Theresa May 'frustrated' with rules on spending overseas aid cash

Theresa May is "frustrated" with international rules that stop British aid cash being used to help victims of Hurricane Irma and the UK was pushing to change them, Downing Street said.

Number 10 insisted the UK's aid effort had not been hampered by the rules set by the Organisation for Economic Cooperation and Development based in Paris (OECD).

But the Prime Minister's spokesman made clear Mrs May was not happy with the way the rules were operating and stressed that International Development Secretary Priti Patel was leading work to change them.

The spokesman said the OECD rules do not "stop Britain dedicating the money needed for the hurricane recovery and reconstruction effort".

"The response would have been just as large and swift regardless of the aid rules," the spokesman said.

But he added: "The Prime Minister is frustrated with the rules as they stand."

The UK has pledged a total of £57 million towards disaster relief and the public has helped to raise a further £1.3 million.

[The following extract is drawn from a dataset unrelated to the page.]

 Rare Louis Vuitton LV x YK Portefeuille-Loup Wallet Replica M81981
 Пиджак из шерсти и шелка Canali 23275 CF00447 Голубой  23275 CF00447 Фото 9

But an unnamed minister told the BBC the figure would have been significantly higher without strict international rules governing the allocation of the £13 billion aid budget, a claim disputed by Downing Street.

Anguilla, Turks and Caicos and the British Virgin Islands do not qualify for support from the pot because their incomes are too high.

The way Britain and 34 other developed nations spend their aid budget is governed by the OECD.

Countries are given a ranking according to need, which is intended to ensure the poorest countries take priority.

The UK is committed to spending 0.7% of national income on aid under the rules set by the OECD.

The Tory election manifesto committed to working to change the rules.

The Prime Minister's spokesman said: "We began detailed work after the election to change the rules to prevent precisely these kind of scenarios."

He indicated the UK could be prepared to act alone if there was no agreement on changing the international rules.

"What we are working on at the moment is changing the rules at the OECD, but the manifesto set out that if that wasn't possible we could look at changing the rules here and that remains the case."